** PROBLEM REQUIREMENTS **
Please return the listing below exactly, without any of its pictures.

** EXTRACTED RECORDS **
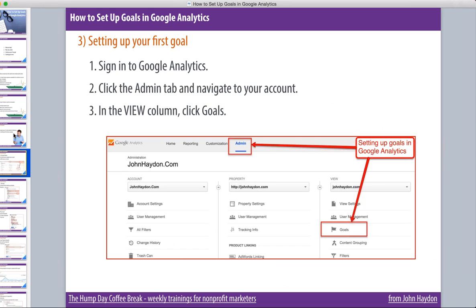So how do you set up goals? I'll walk you through this step by step and then do a live demo. The first thing you do is sign into Google Analytics — you have to have a Google Analytics account. You click on the Admin tab at the very top, and navigate to your account. Go to your domain, your property, which would be your website. Then in the View column on the far right, click on Goals.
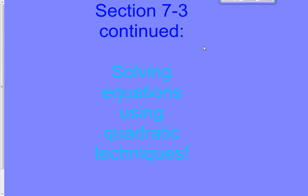Hi class, and welcome to our second day on section 7.3. We're continuing to solve equations using quadratic techniques.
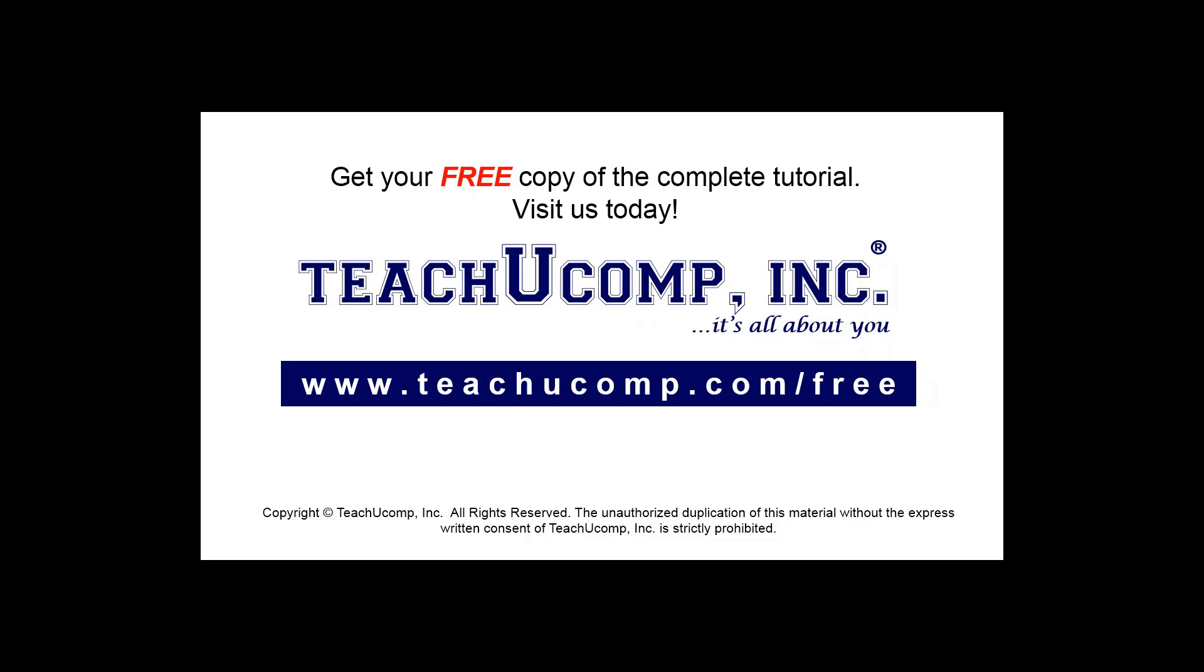Get your free copy of the complete tutorial at www.teachucomp.com/free.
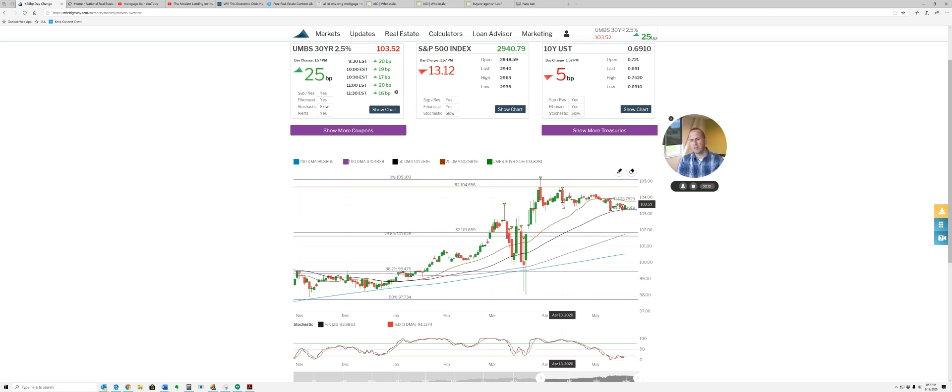What's interesting is, this is an inverse chart, so as the chart moves down, rates move up.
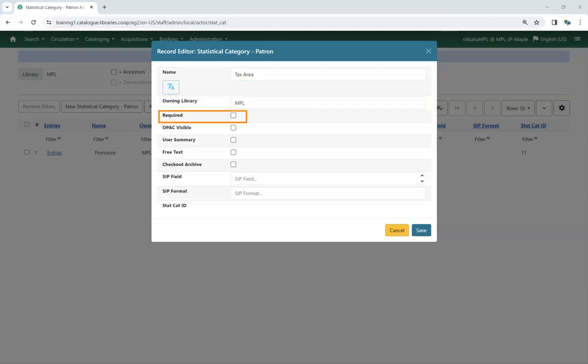Check the box for Required if you wish to require the Statistical Category for all patron accounts. When this is checked, patron accounts cannot be saved if there's no value entered.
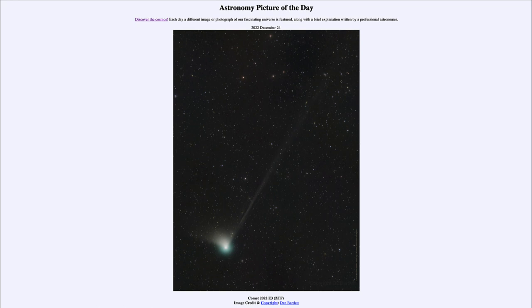This comet is approaching and getting closer to both Earth and our Sun. It will be closest to the Sun on January 12th and closest to Earth on February 1st. However, neither of those will necessarily be when it's at its brightest. It's currently not expected to become a very prominent comet easily visible to the naked eye — you will probably still need at least binoculars or a telescope — but it is something to look forward to over the next month or two.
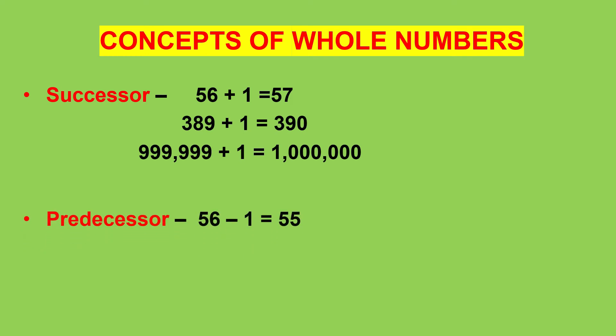Also when we subtract 1 from a given number, we get the predecessor. Predecessor of 56 is 56 minus 1 which is equal to 55.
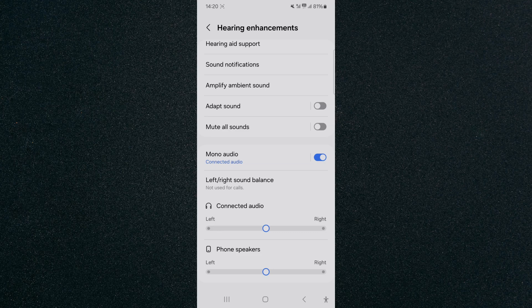And yeah, that's pretty much it, that's how to play the same sound from both speakers on Android. If you have any questions please let me know down in the comments below and I'll do my best to help you out.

** RESPONSE TO THE TASK **
So how do you set up goals? I'll walk you through this step by step and then do a live demo. The first thing you do is sign into Google Analytics — you have to have a Google Analytics account. You click on the Admin tab at the very top, and navigate to your account. Go to your domain, your property, which would be your website. Then in the View column on the far right, click on Goals.
Hi class, and welcome to our second day on section 7.3. We're continuing to solve equations using quadratic techniques.
Get your free copy of the complete tutorial at www.teachucomp.com/free.
What's interesting is, this is an inverse chart, so as the chart moves down, rates move up.
Check the box for Required if you wish to require the Statistical Category for all patron accounts. When this is checked, patron accounts cannot be saved if there's no value entered.
This comet is approaching and getting closer to both Earth and our Sun. It will be closest to the Sun on January 12th and closest to Earth on February 1st. However, neither of those will necessarily be when it's at its brightest. It's currently not expected to become a very prominent comet easily visible to the naked eye — you will probably still need at least binoculars or a telescope — but it is something to look forward to over the next month or two.
Also when we subtract 1 from a given number, we get the predecessor. Predecessor of 56 is 56 minus 1 which is equal to 55.
And yeah, that's pretty much it, that's how to play the same sound from both speakers on Android. If you have any questions please let me know down in the comments below and I'll do my best to help you out.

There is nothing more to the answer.